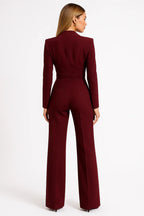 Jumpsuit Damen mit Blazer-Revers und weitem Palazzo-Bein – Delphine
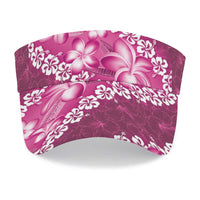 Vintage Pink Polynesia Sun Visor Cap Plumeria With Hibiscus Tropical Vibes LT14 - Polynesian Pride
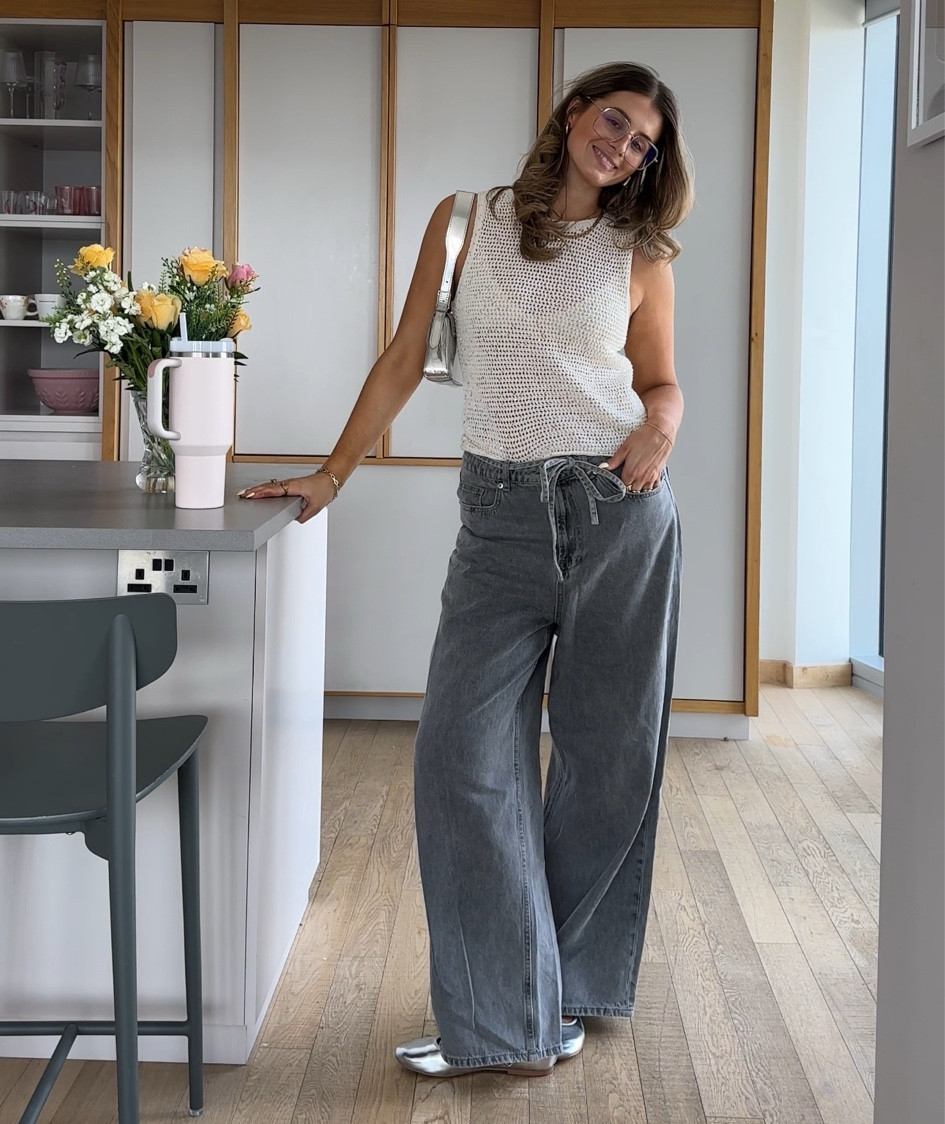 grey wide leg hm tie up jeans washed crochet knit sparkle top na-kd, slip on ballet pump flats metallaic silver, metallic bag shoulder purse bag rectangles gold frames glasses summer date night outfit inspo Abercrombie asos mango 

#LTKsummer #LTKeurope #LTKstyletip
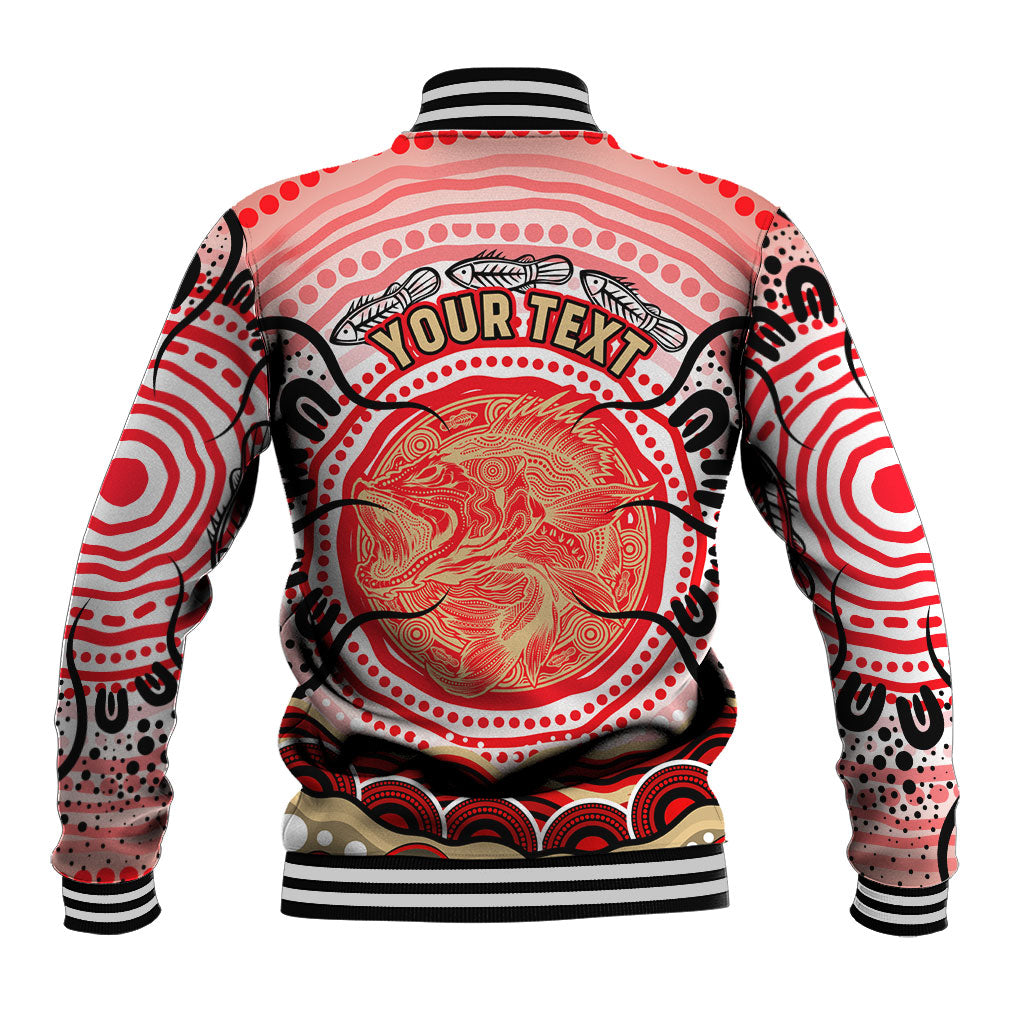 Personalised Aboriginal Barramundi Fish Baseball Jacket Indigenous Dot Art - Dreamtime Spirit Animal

▶ _TASK_: The lines to reproduce run from the line containing "#LTKsummer #LTKeurope #LTKstyletip" through the last line of the records above, both included. Copy them exactly and drop the pictures.

▶ _FINISHED EXERCISE_:
#LTKsummer #LTKeurope #LTKstyletip
 Personalised Aboriginal Barramundi Fish Baseball Jacket Indigenous Dot Art - Dreamtime Spirit Animal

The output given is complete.